Work to complete —
After locating the line that holds "toyota prius 2013 CFJ1834888 image 8", copy that line and all that follow it word for word through the end of the data, with no pictures.

Supplied records —
========================

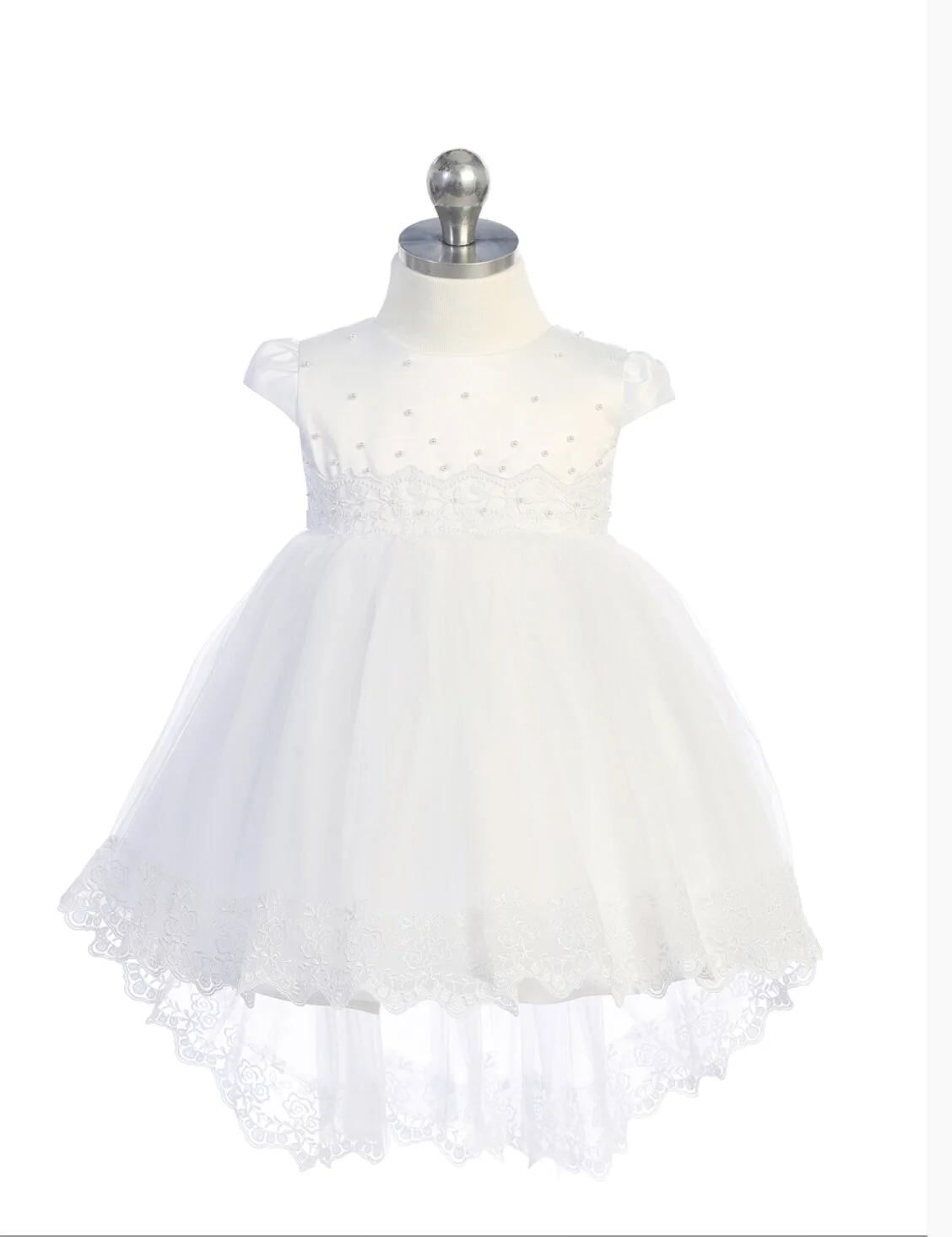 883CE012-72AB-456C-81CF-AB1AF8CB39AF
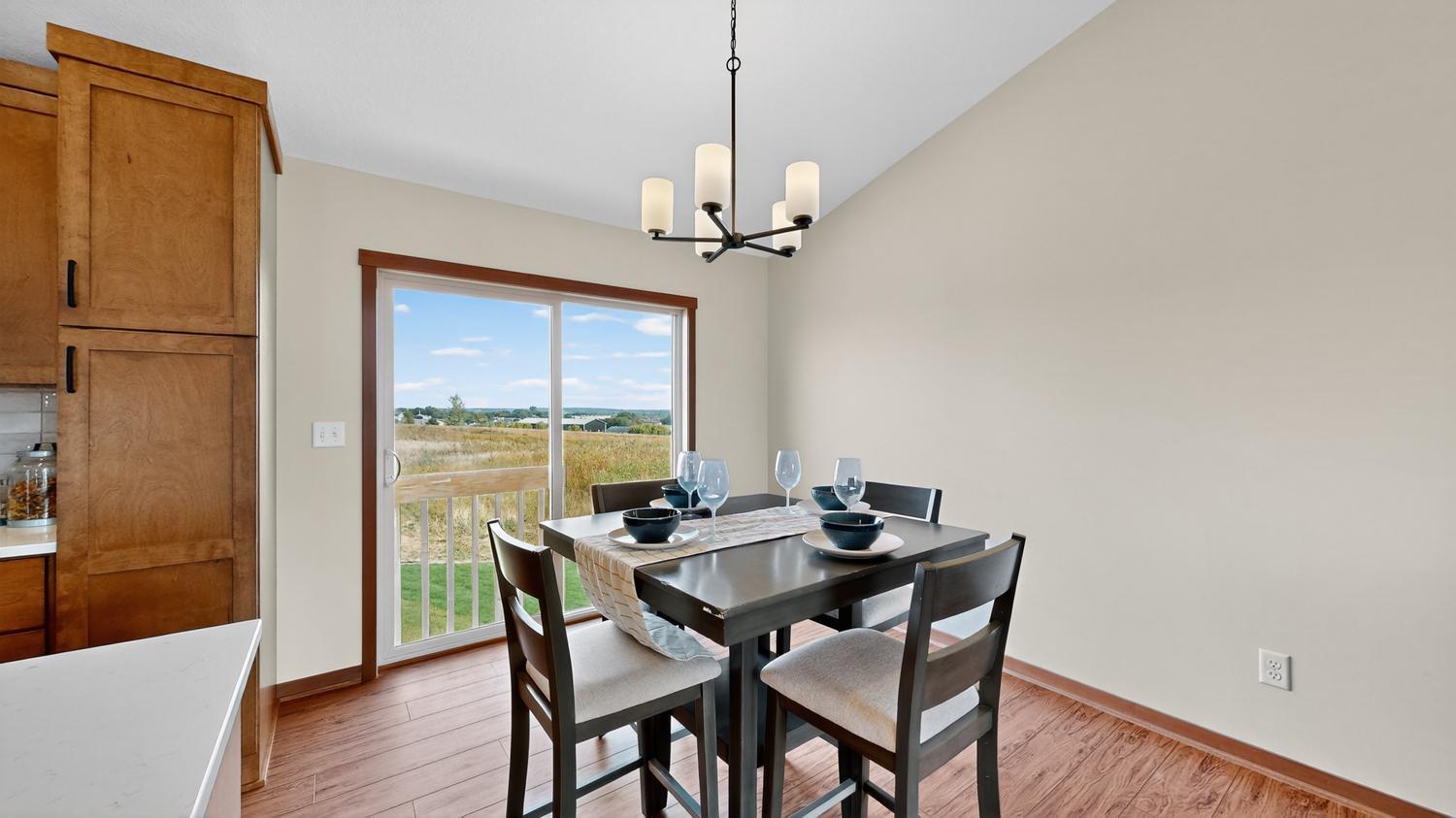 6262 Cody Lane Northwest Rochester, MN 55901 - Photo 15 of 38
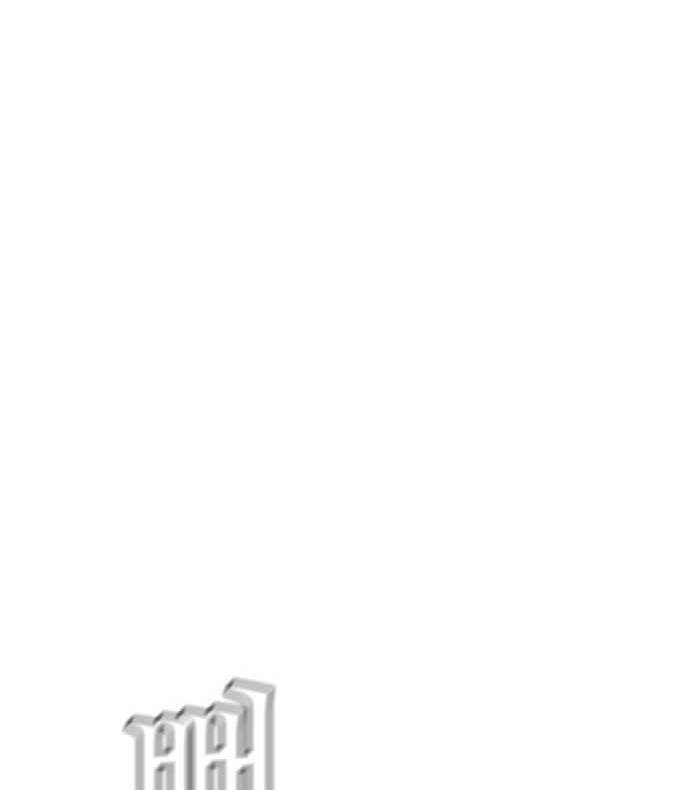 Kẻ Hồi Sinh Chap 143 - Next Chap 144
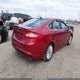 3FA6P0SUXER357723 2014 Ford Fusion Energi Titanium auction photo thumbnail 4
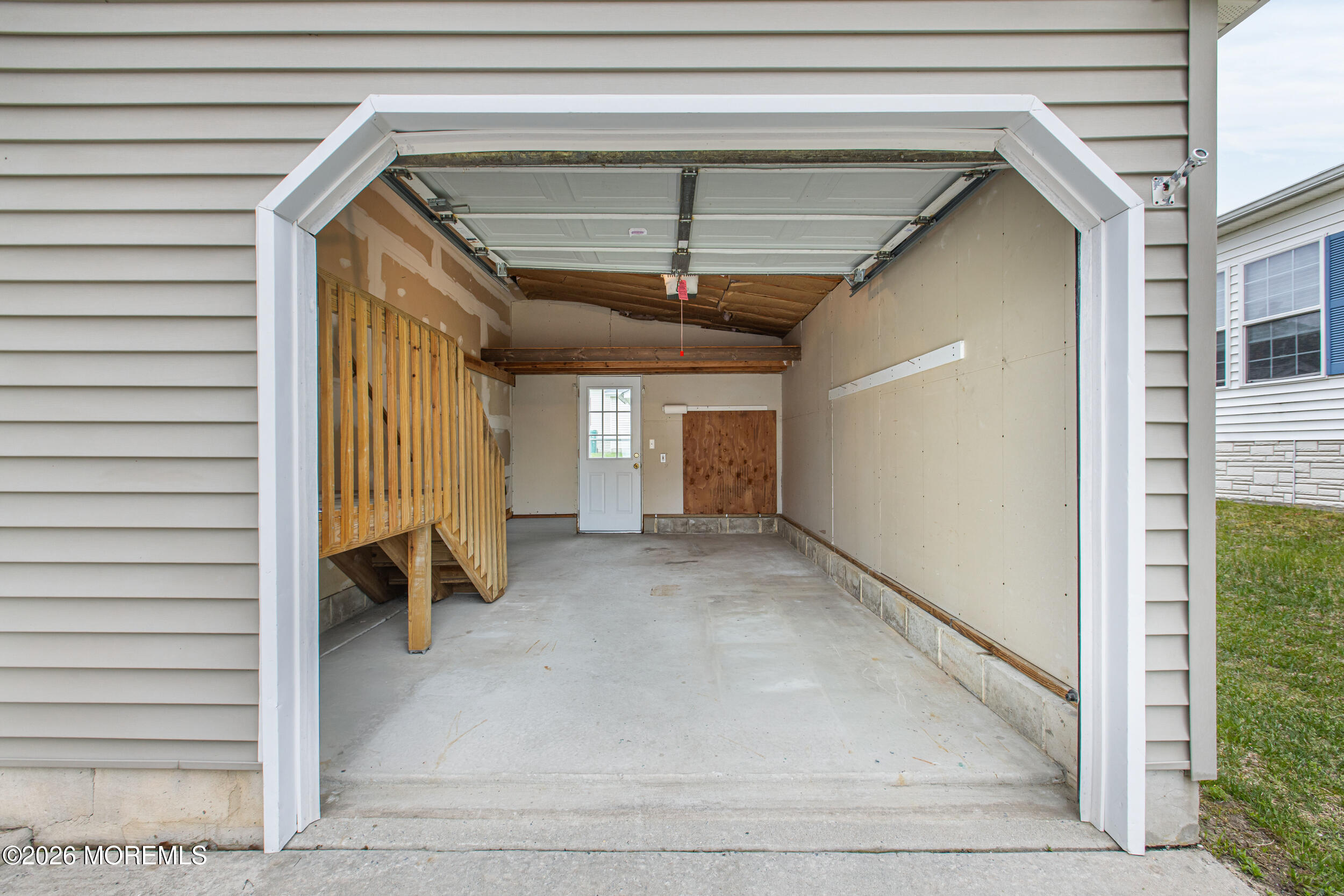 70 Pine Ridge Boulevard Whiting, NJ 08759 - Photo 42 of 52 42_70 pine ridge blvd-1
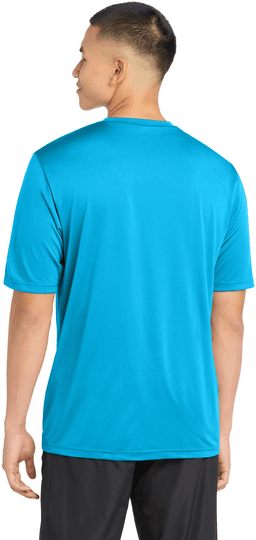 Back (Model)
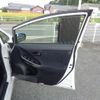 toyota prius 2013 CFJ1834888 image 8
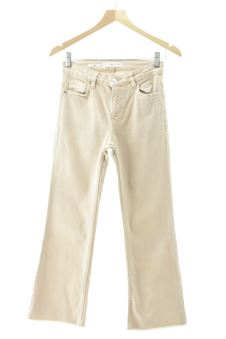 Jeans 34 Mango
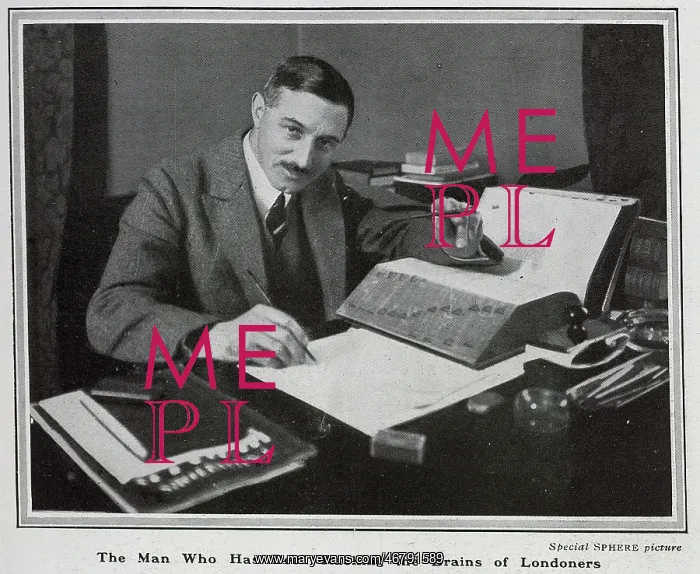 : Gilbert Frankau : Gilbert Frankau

========================

Task answer —
 toyota prius 2013 CFJ1834888 image 8
 Jeans 34 Mango
 : Gilbert Frankau : Gilbert Frankau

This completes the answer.